━━━━━ Given data ━━━━━
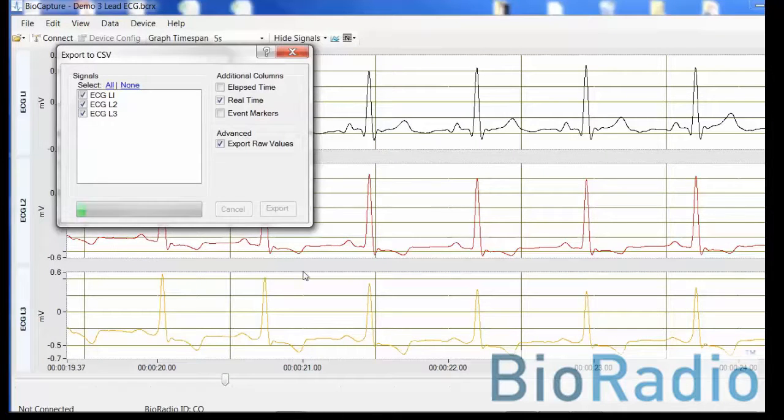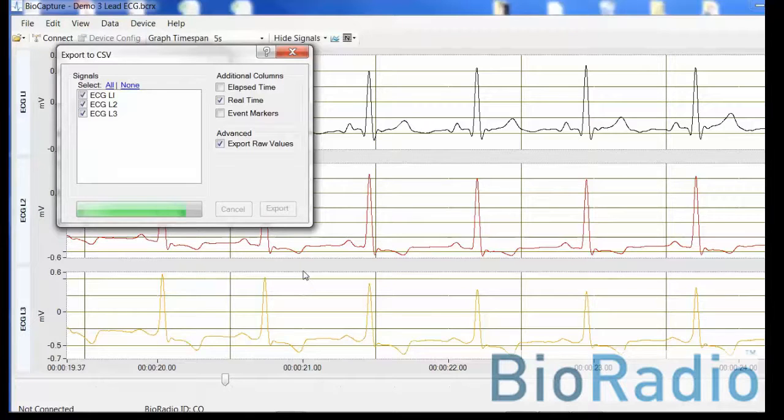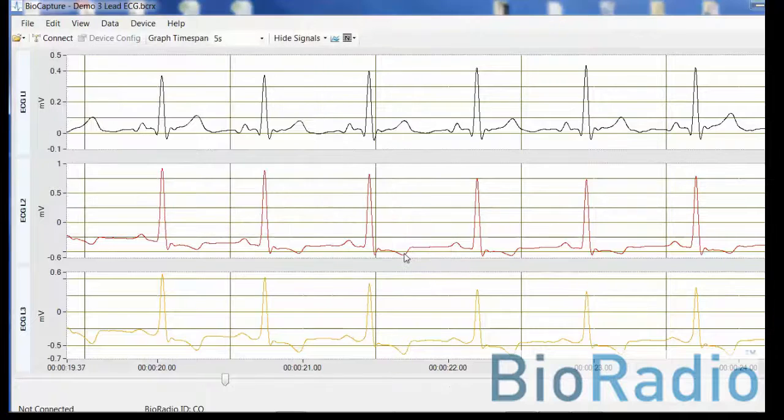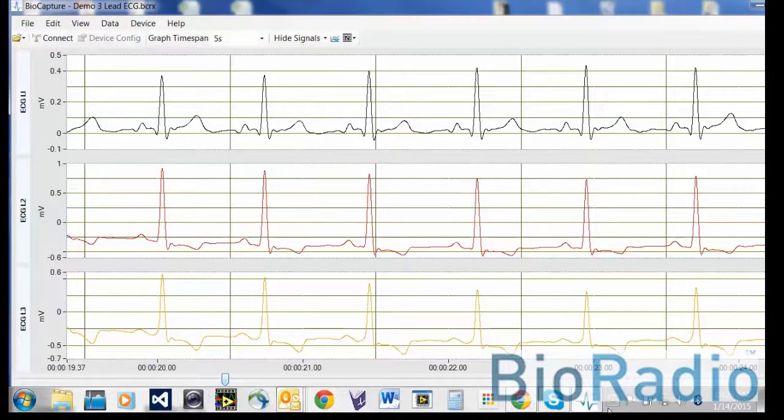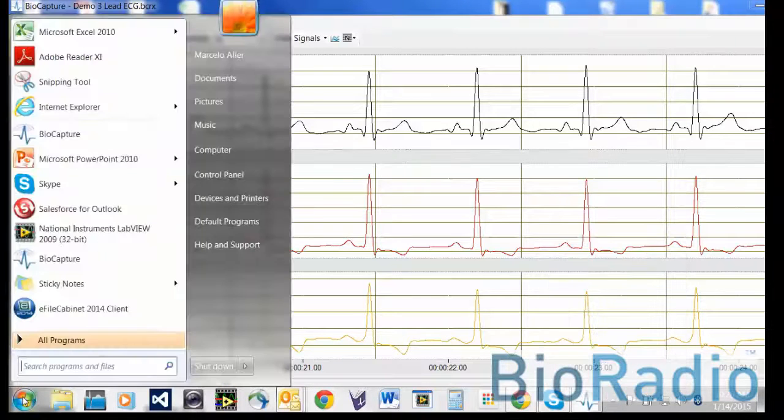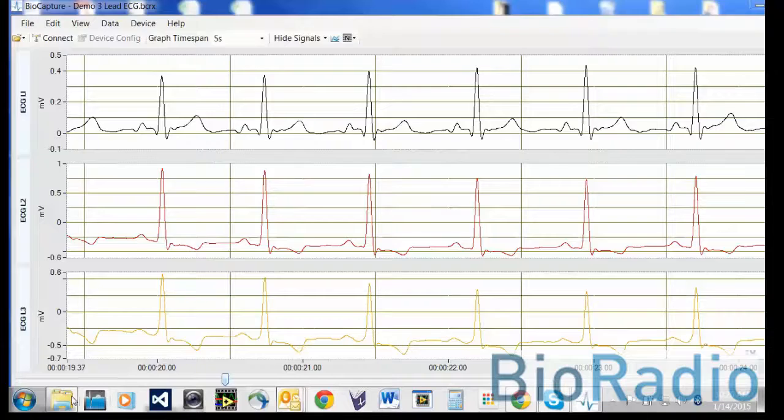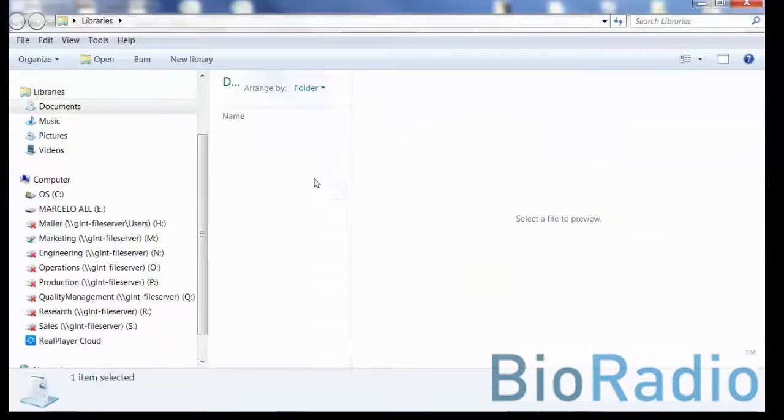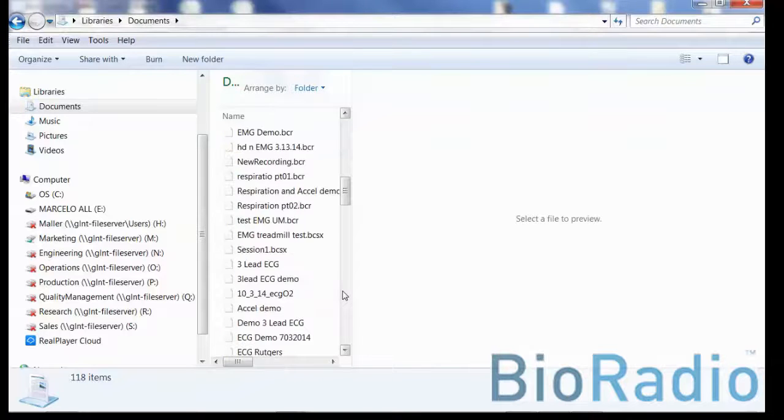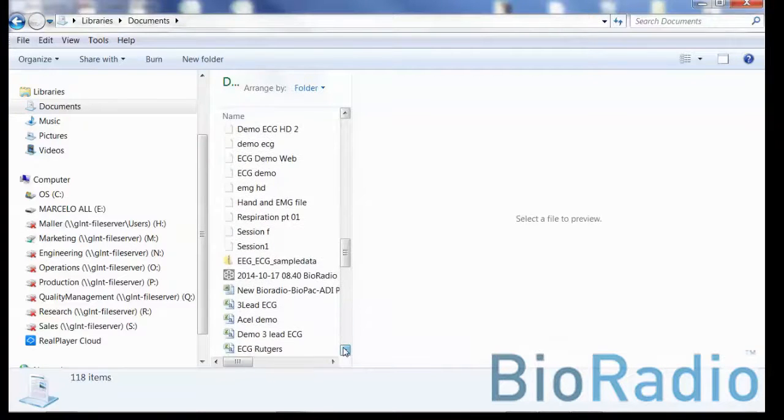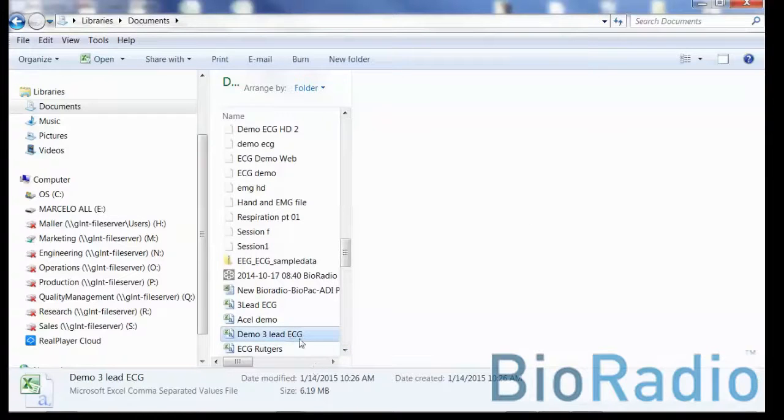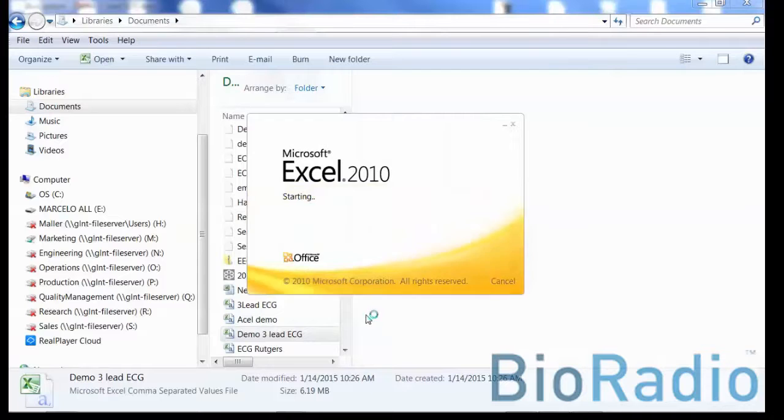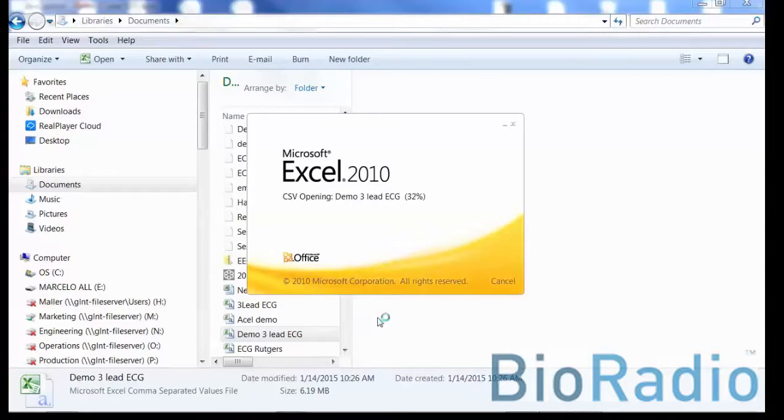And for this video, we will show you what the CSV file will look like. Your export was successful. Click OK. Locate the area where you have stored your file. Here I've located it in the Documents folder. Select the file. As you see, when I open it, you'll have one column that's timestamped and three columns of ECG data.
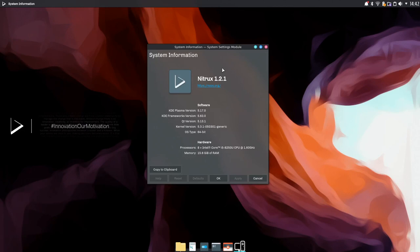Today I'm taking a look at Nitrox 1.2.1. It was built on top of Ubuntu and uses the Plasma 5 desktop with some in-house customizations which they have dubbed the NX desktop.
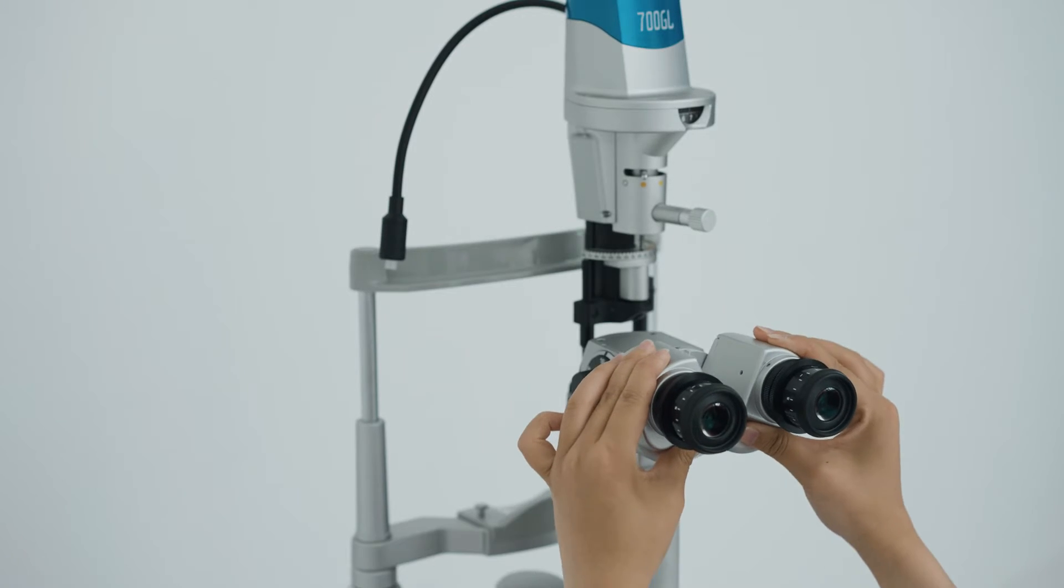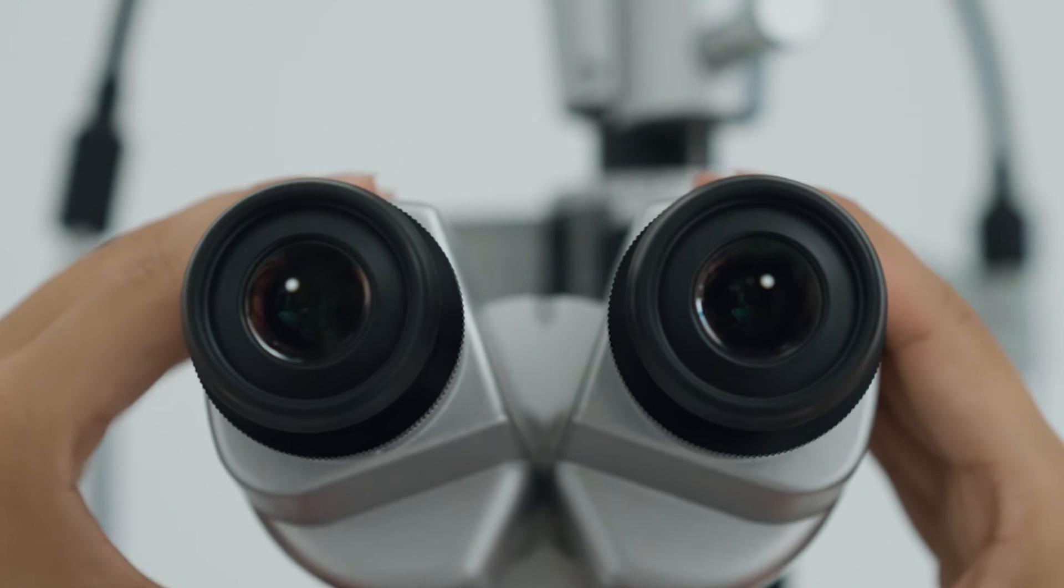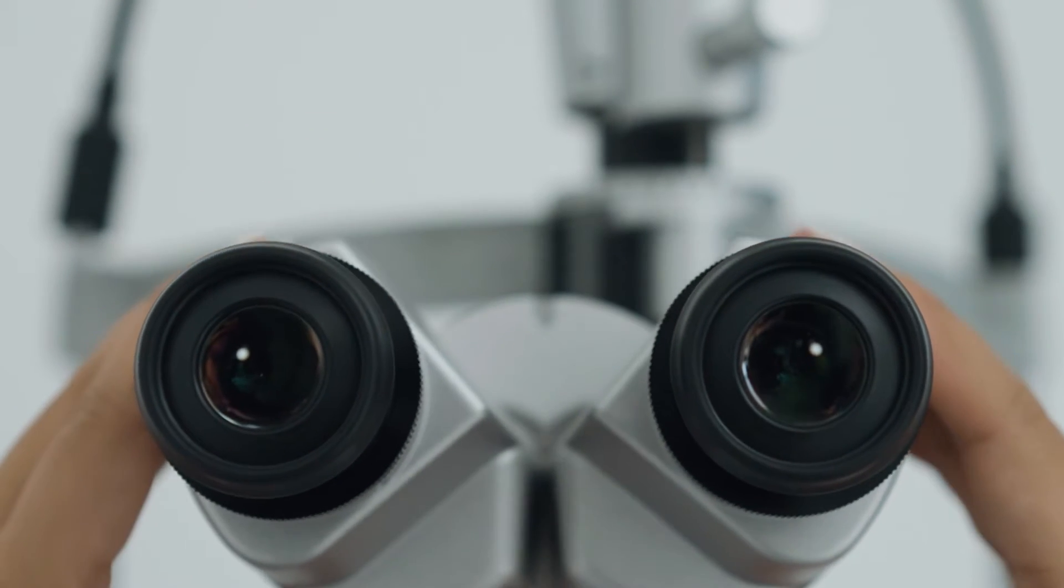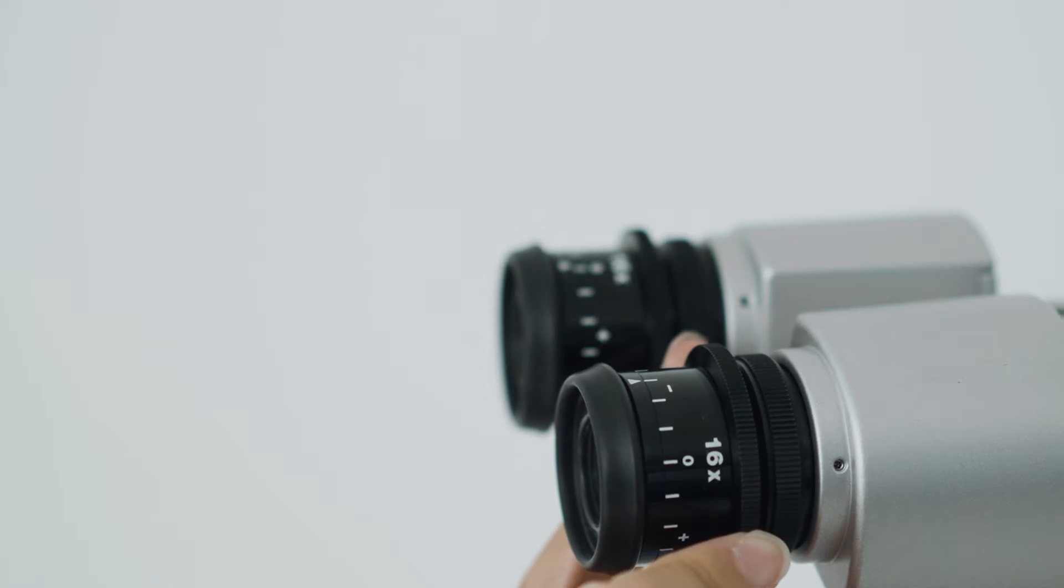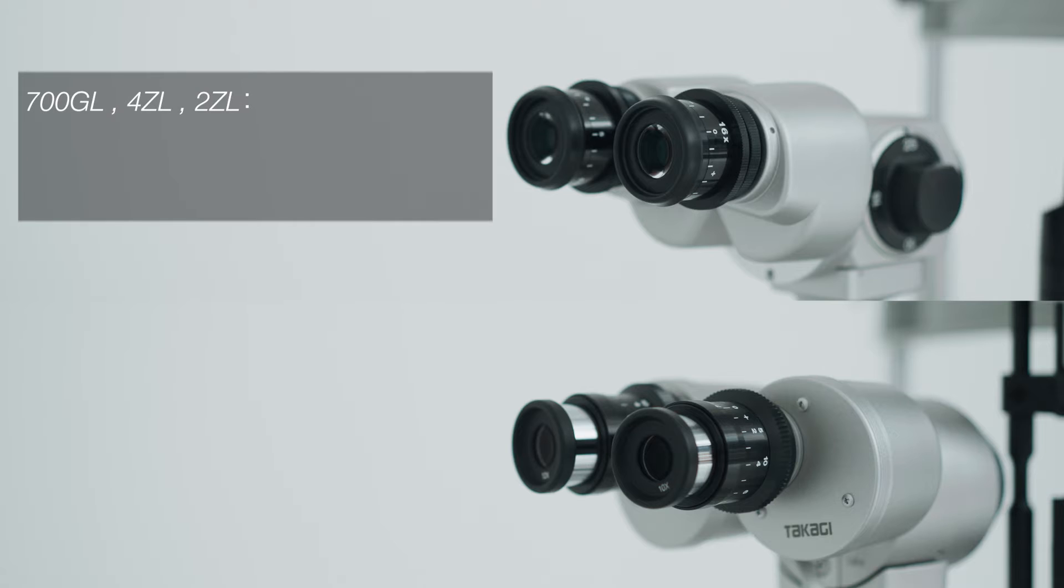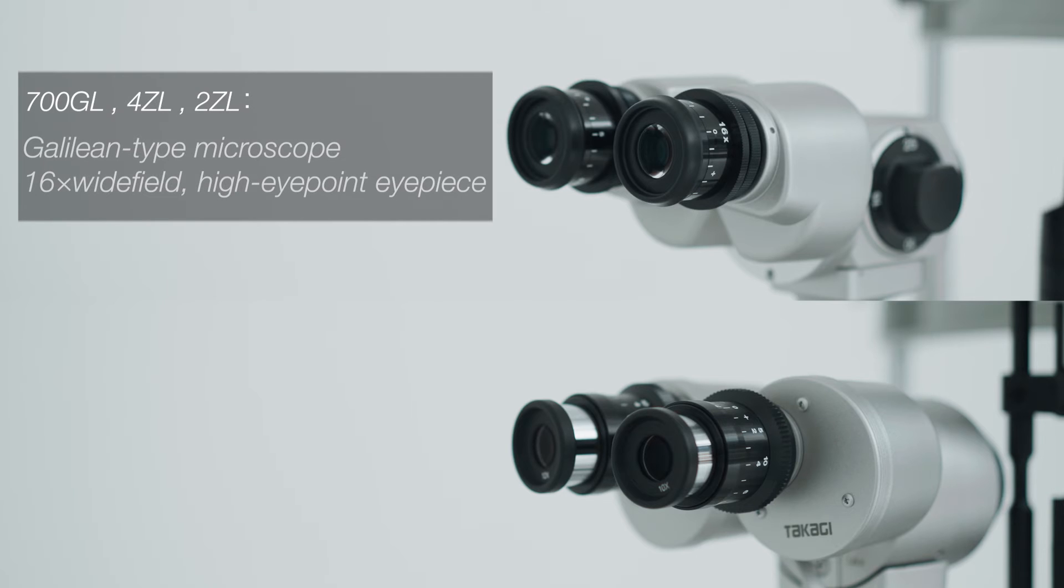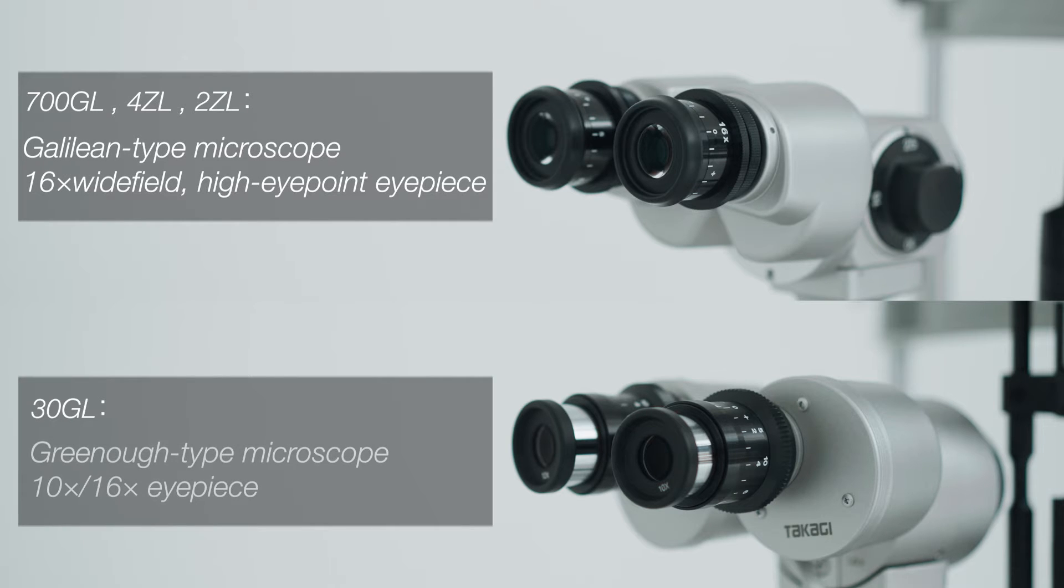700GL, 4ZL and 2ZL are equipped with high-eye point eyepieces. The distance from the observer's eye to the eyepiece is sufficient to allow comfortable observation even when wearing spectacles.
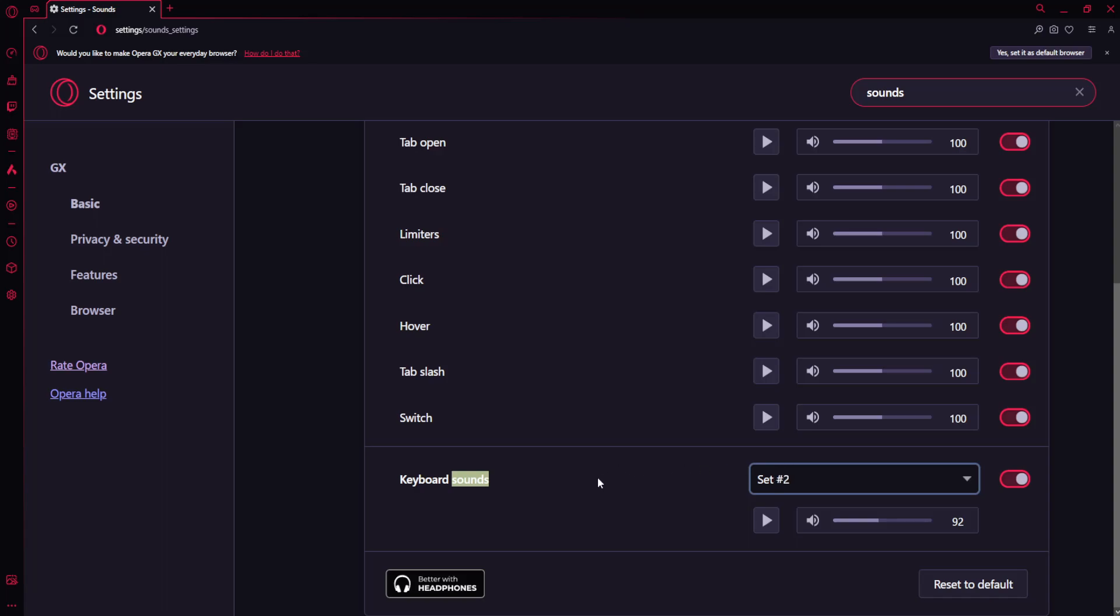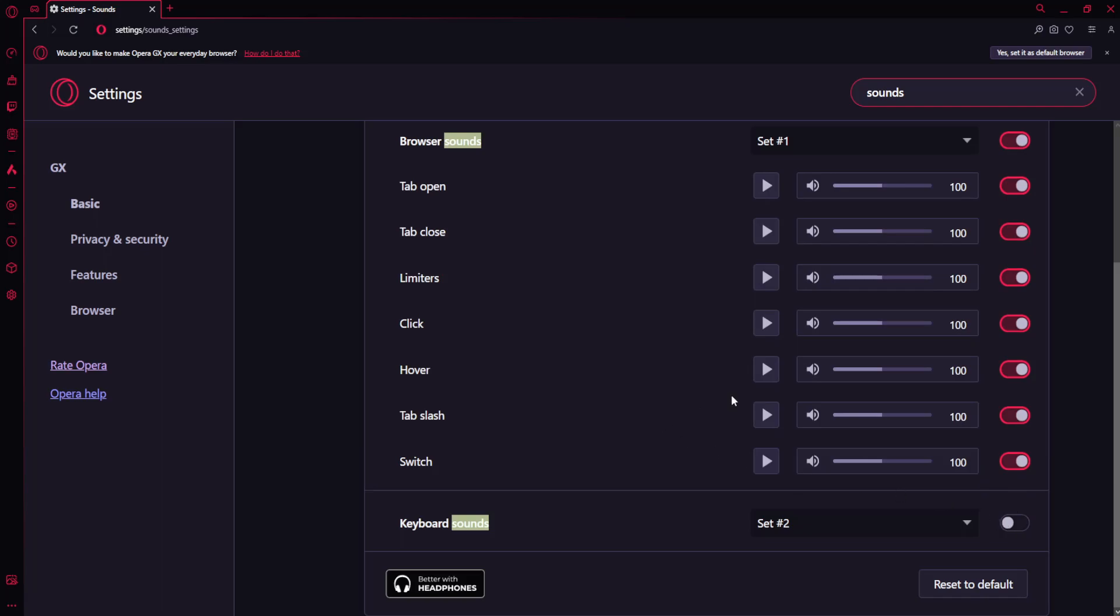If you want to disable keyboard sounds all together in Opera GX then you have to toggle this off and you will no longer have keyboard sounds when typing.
━━━━━
→ Work required
Everything from the line containing "700GL, 4ZL and" to the last line of the listing above is to be written out exactly, except the pictures, and nothing else.

→ Written answer
700GL, 4ZL and 2ZL are equipped with high-eye point eyepieces. The distance from the observer's eye to the eyepiece is sufficient to allow comfortable observation even when wearing spectacles.
If you want to disable keyboard sounds all together in Opera GX then you have to toggle this off and you will no longer have keyboard sounds when typing.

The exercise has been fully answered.